There are various ways to find accommodation in Ireland: internet, newspapers, real estate agencies, etc. Find useful information on lease conditions in this article.
Finding an apartment or house for rent in Ireland is not an easy task because demand often exceeds supply, especially in large cities like Dublin where rents have become almost as expensive as in London.
You can start searching for a flat or apartment in the newspapers, on the Internet or via real estate agencies. Room sharing is also very widespread and many websites provide ads for room seekers as well as room providers. If you are seeking for a house or an apartment through real estate agencies, be careful with people you have businesses with! Abuses are frequently reported.
Leases are generally one year in length and water, gas and electricity can be included in the rent. Everything will be clearly stated in your rental agreement. A deposit of six weeks rent will be requested to cope for the possible damages you may cause or in case of non-payment.
An inventory and statement of state of repair will be made in your presence before you move in. It's up to you to verify the general state of your housing and to notify the possible damages left unlisted. Check all the appliances and make sure they are usable.
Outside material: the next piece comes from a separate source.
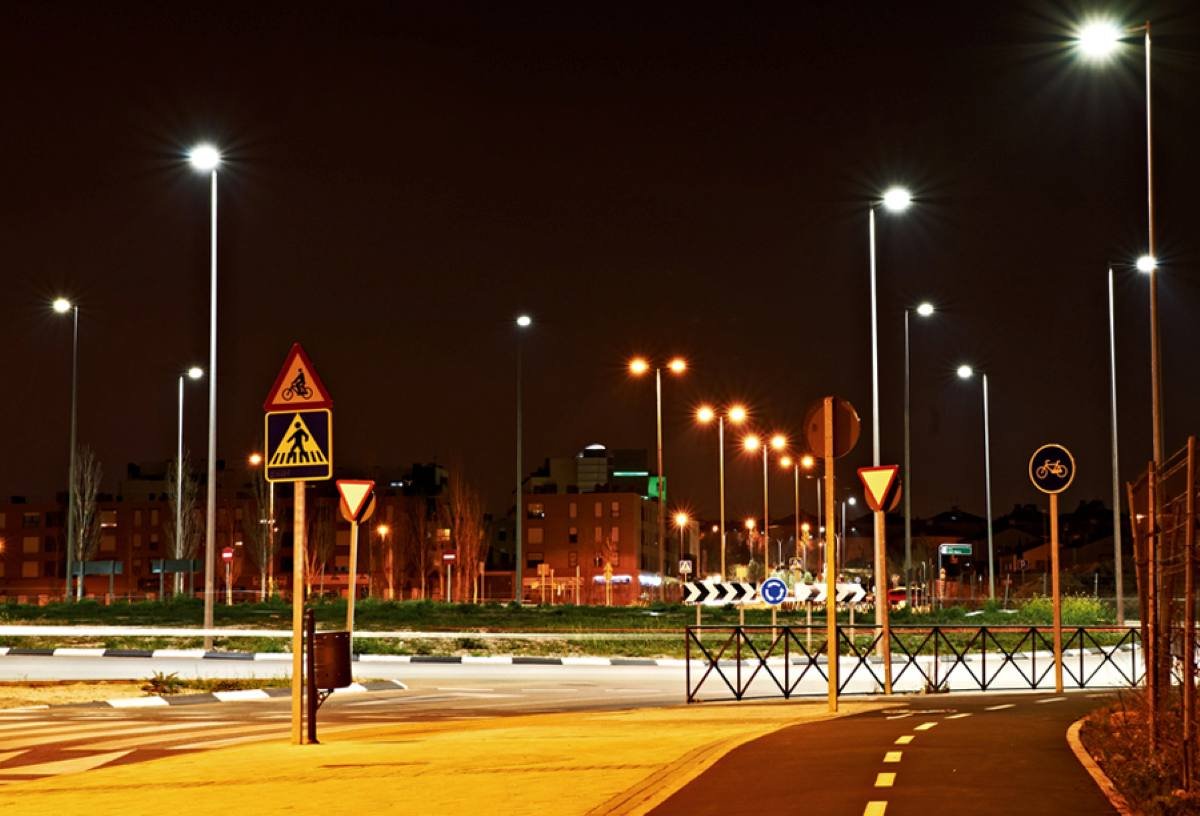 Cortes de luz puntuales en Rivas durante la noche del 2 de diciembre: estas podrían ser las causas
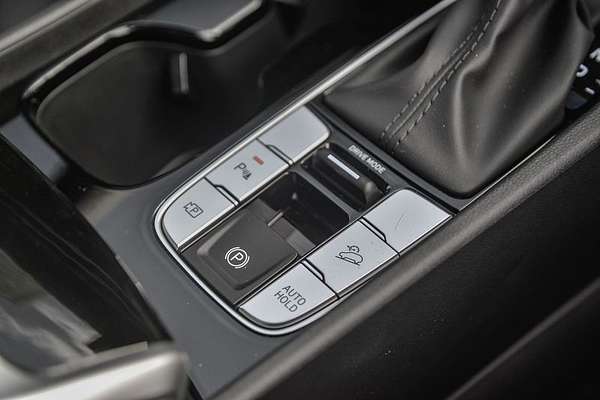 2025 Hyundai Tucson NX4.V4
If your landlord wants to break the lease, he must give you a notice period proportional to the length of your rental lease: for a lease of 6 months or less, the notice period will be of 4 weeks; for a lease from 6 months to one year, the notice period will be of 5 weeks; for a lease from 1 to 2 years, the notice period will be 6 weeks, 7 weeks for a lease from 2 to 3 years, 8 weeks for a lease from 3 to 4 years and 16 weeks for a lease over 4 years. The same notice periods apply in case you want to break your lease.
In case of dispute with your landlord, contact the Private Residential Tenancies Board (PRTB) to set up a conciliation meeting.